In the Catholic Church, after a dead Catholic has been declared a Servant of God by a bishop and proposed for beatification by the Pope, such a servant of God may next be declared venerable ("heroic in virtue") during the investigation and process leading to possible canonization as a saint. A declaration that a person is venerable is not a pronouncement of their presence in Heaven. The pronouncement means it is considered likely that they are in heaven, but it is possible the person could still be in purgatory. Before one is considered venerable, one must be declared by a proclamation, approved by the Pope, to have lived a life that was "heroic in virtue" (the theological virtues of faith, hope, and charity and the cardinal virtues of prudence, justice, fortitude, and temperance). The next steps are beatification, which normally requires a miracle by the intercession of the candidate, from which point the person is referred to as "The Blessed". The blessed declaration implies the person is in Heaven, experiencing the beatific vision, but this is not a requirement. The canonization is consummated when the person intercedes in a miracle (normally, this is their second intercession) and is declared a saint. Exceptional canonizations exist. The declaration of sainthood is definitive only to the extent that the Catholic Church claims the person died in the state of grace and already enjoys beatific vision. For example, Popes Pius XII and John Paul II were both declared venerable by Pope Benedict XVI in December 2009, and John Paul II was declared a saint in 2014.

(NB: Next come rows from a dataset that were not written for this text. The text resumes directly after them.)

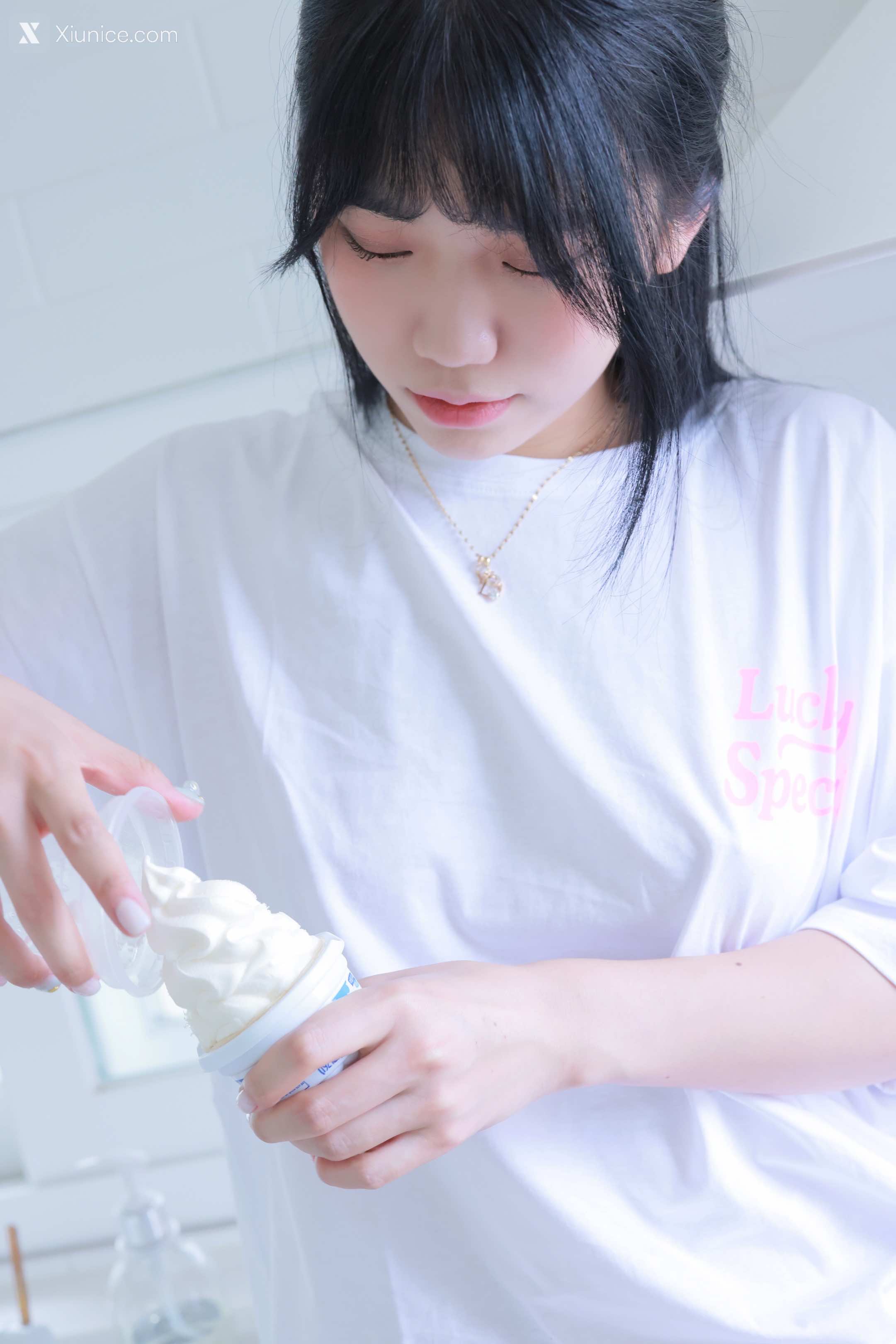 SweetBox Yui (유이) – SWTB Vol.018 CREAM 4K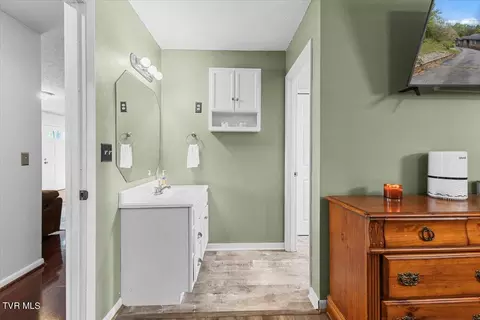 Bath - 8404 Loretta Lane Bristol Va 24202, Bristol, VA 24202 photo 2 of 4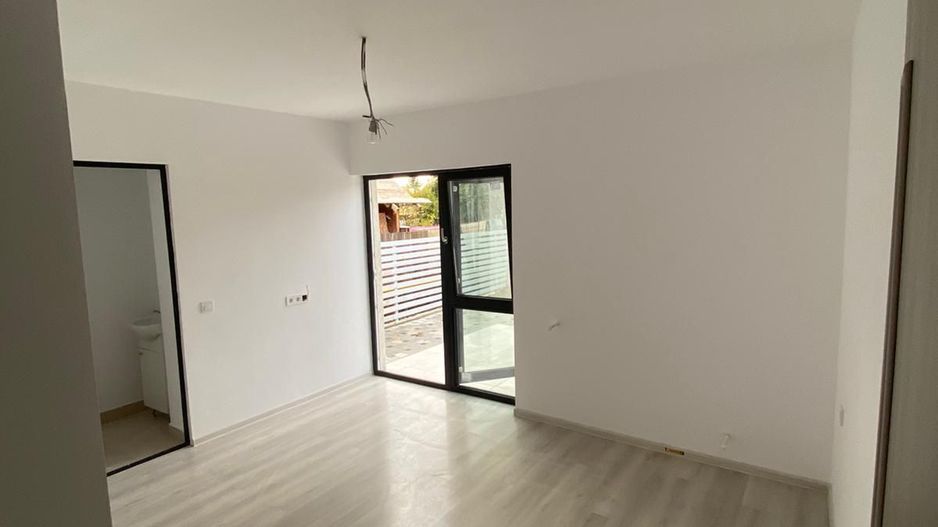 Casa noua în Giulesti de închiriat - curte 220mp - Poză 11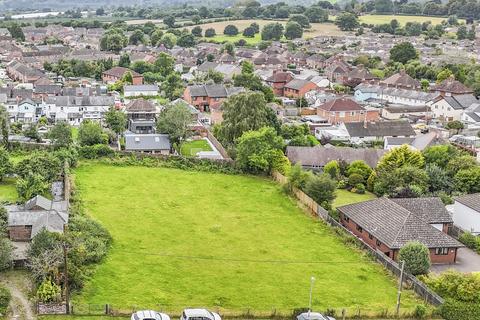 Studio, in Fernbank Road, £495,000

Other examples of venerables are Bishop Fulton J. Sheen, Princess Louise of France, Francis Libermann, and Mother Mary Potter.
The 7th/8th-century English monk St Bede was called venerable soon after his death and is still often called "the Venerable Bede" despite having been canonized in 1899.
This is also the honorific used for hermits of the Carthusian order in place of the usual term of "Reverend".
In the Anglican Communion, "The Venerable" (abbreviated as "the Ven.") is the style usually given to an archdeacon.
For a more comprehensive list, see List of venerable people (Eastern Orthodox).
In the Eastern Orthodox Church the term "Venerable" is commonly used as the English-language translation of the title given to monastic saints (Greek: hosios, Church Slavonic: prepodobni; both Greek and Church Slavonic forms are masculine).
A monastic saint who was martyred for the Orthodox faith is referred to as "Venerable Martyr" or hosiomartyr.
In the 20th century, some English-language Orthodox sources began to use the term "Venerable" to refer to a righteous person who was a candidate for glorification (canonization), most famously in the case of Saint John of Shanghai and San Francisco. This has not altered the original usage of the term in reference to monastic saints.
In Buddhist monasticism, various terms or titles for senior or highly respected monks may be translated as "Venerable", including in Theravada Buddhism Bhante and Mahanayaka (Burmese). In Tibetan Buddhism there is Rinpoche.